Andrew wanted me to forward his comments to the list, so they're
included in this reply with no snippage (though I did cut out some
quoted stuff).
andrew norris <mage2099@dtgnet.com> wrote:
It's not a question of "valid." It's a question of what's going to grab
and keep readers' attention. Do you think that this opening will do
that?
Gary Kleppe
http://www.execpc.com/~kleppe/comics
I hate to disagree... what the "opening" was set to do was EXPLAIN how Ranma got
those "gifts" (Side note I saw Empathy and Telepathy) so it is NOT a standard
opening.... it's called foreshadowing or set up (forget which terms... been a
while since I took dramtic writing...)
Explanations are fine, but I've always been taught that it's more
important to establish the major conflicts that are happening in the
story *now.* He could easily have told us a little later how Ranma had
ended up in the hospital, by flashing back to that scene. Actually, in
this case, it's such a standard thing that a short reference to it
would've told the readers what they need to know:
Ranma rubbed the bump on the back of his head. How had he gotten here?
That's right, Akane had pounded him again. When would he learn not to
open his big mouth at the wrong time?
Though I do argee with you that it is a "standard" opening for too many fanfic
writers.... (So far I have NOT fallen into that Trap.) I personally give ANY
fanfic at least a page before I make the call to drop or fully read....
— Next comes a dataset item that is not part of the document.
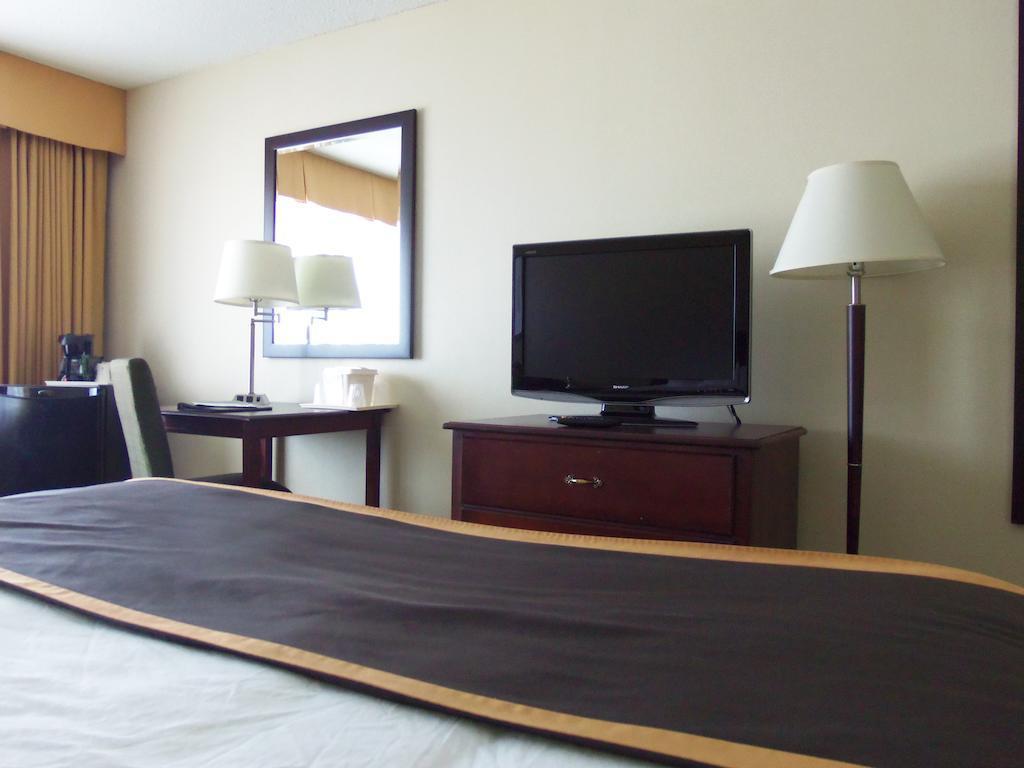 Quality Inn Peterborough Dış mekan fotoğraf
Also on "standard" openings... If a fanfic writer ALWAYS uses them, then you do
have a point... Greg doesn't... so judge him on the total work not the opening
(if I judged writers by their opening PG/pages... I would have tossed MOST if not
all my TOm clancey books...)
I'm not judging Gregg here... just suggesting changes that I think would
improve his story.
Gary... while you don't do that trick (using a standard opening to set up the
fic...) you go back and show a "standard sence" a lot (Lost, where you explained
how Ranma got the way he did....) Greg is just doing it at the start.... Diff.
styles of doing things... you seem to like "Memory" style while Greg likes it up
front "Prologue" style... Both good thoguh. (Lawson seems to be between both, I
tend to do the latter... thoguh with a fic that I am working on I might go Memory
route.) Starmage is still going to be foreshadowing style.
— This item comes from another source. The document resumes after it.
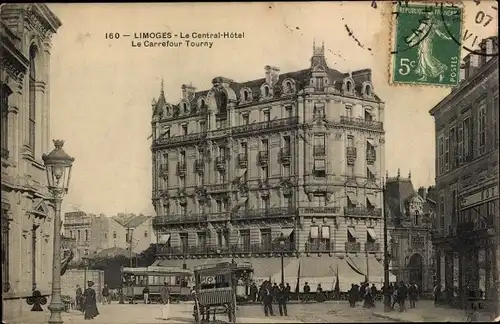 Ak Limoges Haute Vienne, Le Central Hotel, Le Carrefour Tourny, Kreuzung, Kutsche, Außenansicht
To summarize. Both ways (Foreshadowing (this fic in question) and Memory work.
Never JUDGE a fiction or any writing until you have read it...
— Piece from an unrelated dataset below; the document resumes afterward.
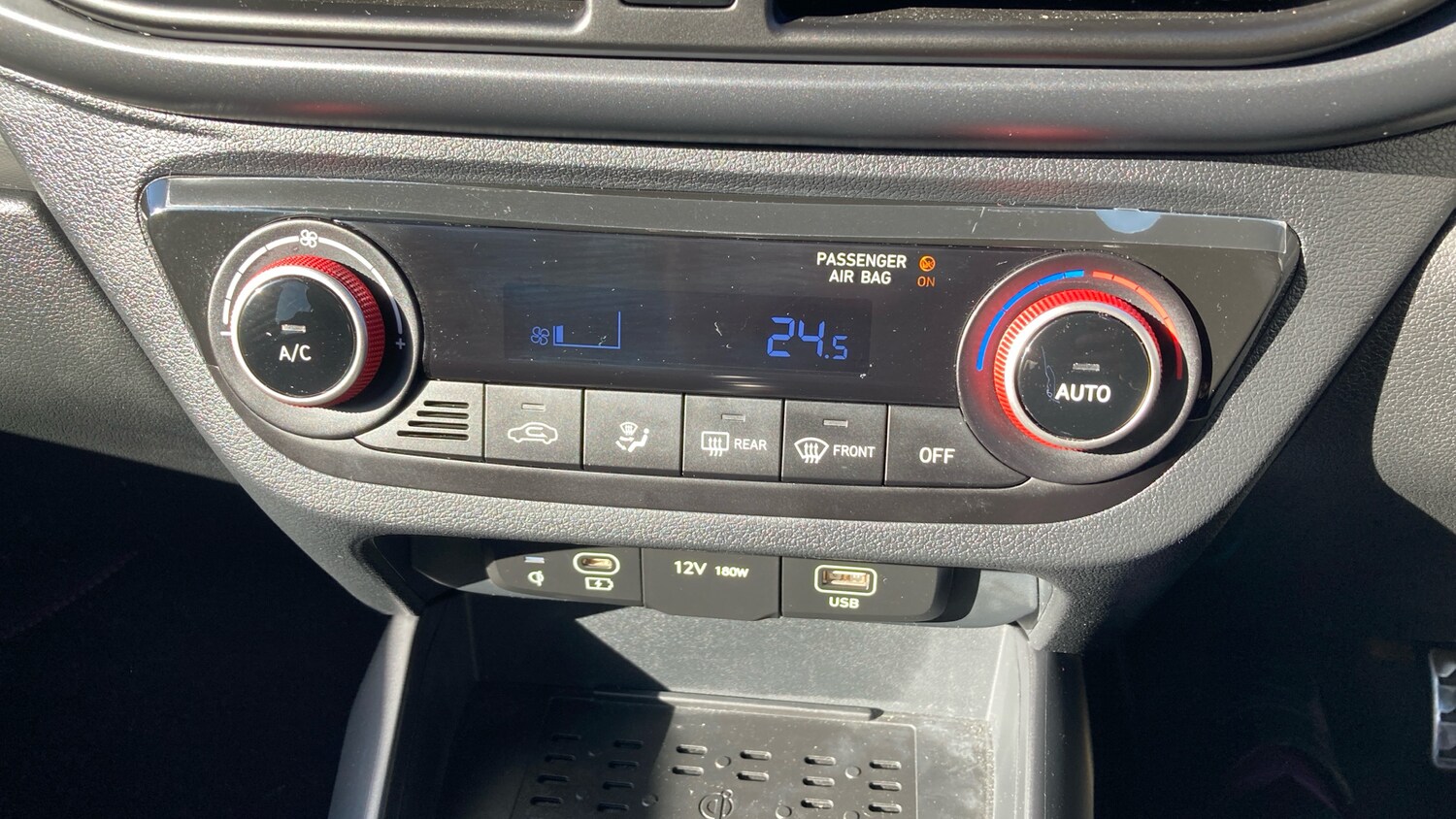 Used Hyundai i10 2024 for sale - 76055896: Photo 23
Again, "judge" is too strong a word. I'm only making suggestions for
changes. As to whether both ways work, I can only repeat that in my
experience, good writing starts by establishing the central conflict of
the story. Sometimes this might *seem* like a "prologue," but if you
look at it closely, the conflict is coming into being.
For example, Ranma 1/2 has two central conflicts: The Ranma/Akane
relationship, and Ranma trying to deal with his curse. The series
doesn't start by showing the trip to Jusenkyo. It starts by talking
about the engagement, and showing the characters' reactions to it. It
also shows Ranma very angry at Genma; we don't know why at first, but
it's clearly not just the engagement. Then the second conflict comes
into full force as a girl shows up at the Tendos' where a boy was
supposed to.
Since you mentioned it, I'll use my fic "Lost" as another example. The
central conflict in that fic is Ranma trying to survive life as an
amnesiac in Los Angeles. Thus, the story begins with him arriving in
that city, and ends with him leaving it. Showing him taking the drug at
the beginning of the fic would've been totally wrong, because that
would've made Ranma being drugged the central conflict, and the story
would've been over when he recovered. (Okay, in this case it would've
been wrong for other reasons too.)
Off thread.
Have you read Starmage yet? I would like your comments on it... (Byron has put it
on his read list... WOW! and since i do like your stuff.. and Gregs... I would
like your CC....
if you haven't go to http://silver.sdsmt.edu/~atn6581/fanfic.htm
Haven't read it yet. I'll take a look at it and see what I can do.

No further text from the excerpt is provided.